António de Torres (1817-1892): Torres é frequentemente considerado o “pai da guitarra moderna”. Ele introduziu diversas inovações, como a ampliação do corpo da guitarra e a utilização do sistema de varetas em leque, que proporcionavam uma maior ressonância e projeção de som. As guitarras construídas por Torres estabeleceram o padrão para a construção de guitarras clássicas que é seguido até hoje.

Este presépio está em cima de uma guitarra e está muito engraçado. 



sábado, 16 de agosto de 2025

Ovelhas e cores - Vale de Cambra

 “O fracasso não acontece quando se erra, mas quando se desiste face ao erro.”

(Mário Sérgio Cortella)

Estes presépios estão muito fofinhos e fazem parte da minha coleção! 






Artes da Joana - Quarteira

 “Viajar, num sentido profundo, é morrer. É deixar de ser manjerico à janela do seu quarto e desfazer-se em espanto, em desilusão, em saudade, em cansaço, em movimento, pelo mundo além.” 

(Miguel Torga)

O manjerico, uma planta aromática da família do manjericão, tem origem no Médio Oriente e é um símbolo marcante das festas populares portuguesas, especialmente as de Santo António, São João e São Pedro. A sua história e significado estão profundamente ligados à tradição de oferecer a planta como presente, especialmente durante as festas, acompanhada de quadras populares, simbolizando amor, carinho e sorte. 

 De acordo com a velha tradição, deve oferecer-se o manjerico à pessoa amada e ela deve cuidar da planta até ao ano seguinte!

É um presépio bem pequenino e faz parte da minha coleção! 

  




Presépio - Alentejo

" Um escritor é um homem como os outros: sonha. E o sonho foi o de poder dizer deste livro, quando terminasse: isto é um livro sobre o Alentejo”. 

(José Saramago)

O Alentejo é carateristico pelos seus montes com trigo amarelo e sobreiros onde descansam ovelhas e gado. É uma imensidão de terra que deleita o nosso olhar. 

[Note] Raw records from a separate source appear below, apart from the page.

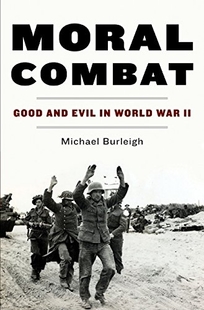Moral Combat: Good and Evil in World War II 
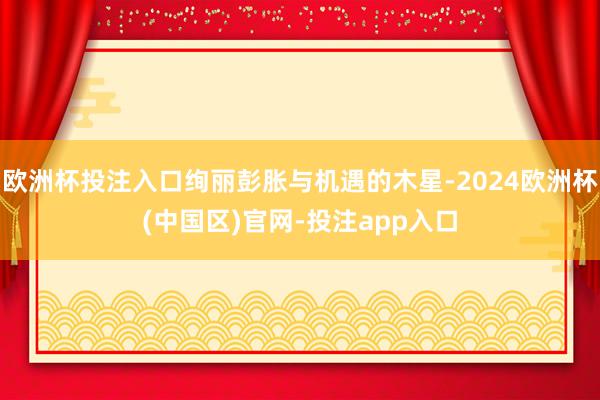 欧洲杯投注入口绚丽彭胀与机遇的木星-2024欧洲杯(中国区)官网-投注app入口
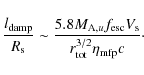 \begin{displaymath}{l_{\rm damp} \over R_{\rm s}} \sim {5.8 M_{{\rm A},u} f_{\rm esc} V_{\rm s} \over r_{\rm tot}^{3/2} \eta_{\rm mfp} c} \cdot
\end{displaymath}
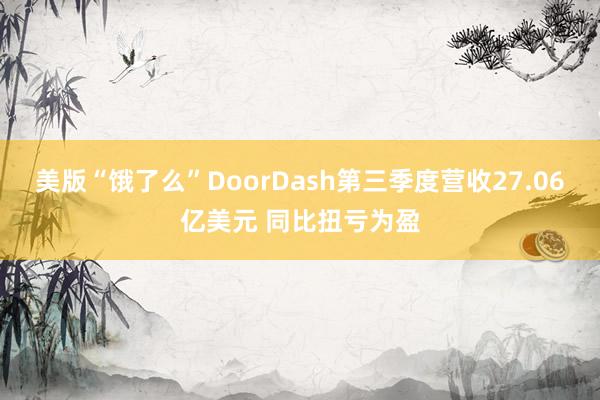 美版“饿了么”DoorDash第三季度营收27.06亿美元 同比扭亏为盈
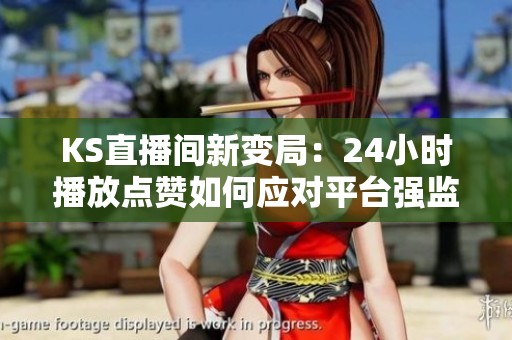 KS直播间新变局:24小时播放点赞如何应对平台强监管 KS直播间新变局:24小时播放点赞如何应对平台强监管
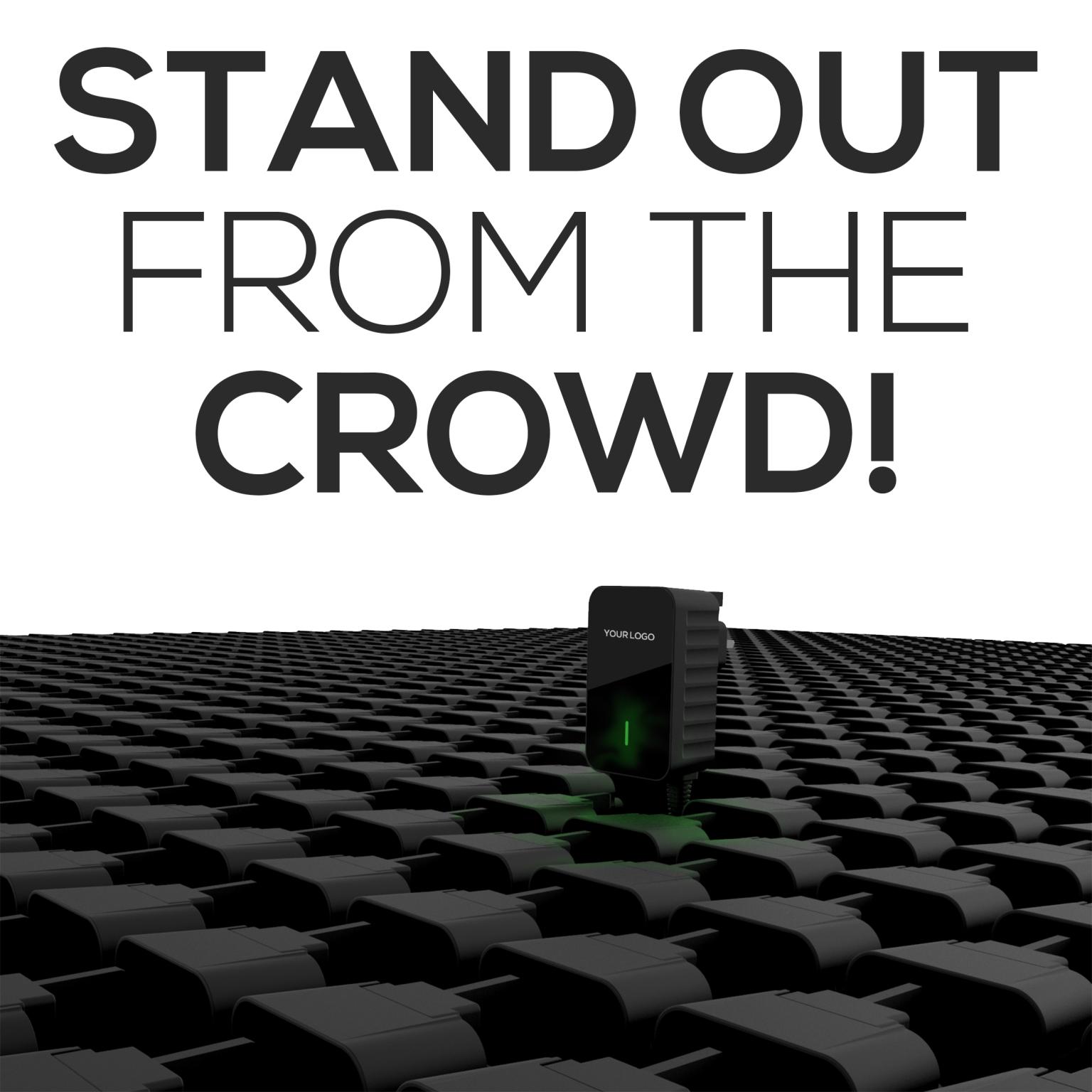 A sign that says stand out from the crowd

Este presépio retrata bem esta região e faz parte da minha coleção. 



segunda-feira, 28 de julho de 2025

Amélia Carvalho - Miranda do Corvo

 "Quando um coração se fecha, faz muito mais barulho do que uma porta."

(António Lobo Antunes)

A tecelagem de Almalaguês” é uma tecelagem bordada em puxados e executada em algodão. Esta arte de tecer cuja origem se perdeu do tempo, mas que nos dias de hoje faz desta pequena localidade um centro de tecelagem manual único do país. Trata-se de uma tecelagem bordada, em que se reproduzem os mais diversos motivos naturais ou geométricos estilizados, usando teares semelhantes aos teares persas! É típica da região de Miranda do Corvo e faz parte da minha coleção!



terça-feira, 22 de julho de 2025

Guiomar Ferreira - Santa Comba Dão

 "O azul é a cor da alma, da verdade e da paz interior."

( Gustav Klimt )

Santa Comba Dão pertence à região do Dão e o concelho vive da aliança entre a modernidade e a tradição, mantendo um padrão de vida tranquilo, harmonioso e em comunhão com uma paisagem dominada pelo rio e pela floresta. Atravessado pelos rios Dão, Criz e Mondego, o território enquadra a “paradisíaca” zona balnear da Senhora da Ribeira. 

Tem um passadiço e convida a paisagens belíssimas! 

Esta artesã vive nesta região e fez este presépio amoroso que agora faz parte da minha coleção! 




sexta-feira, 4 de julho de 2025

Stitched - Évora

 “Bordar é entrelaçar sentimentos"

(P. Mello)


Estes bonitos presépios bordados fazem parte da minha coleção e estão muito queridos.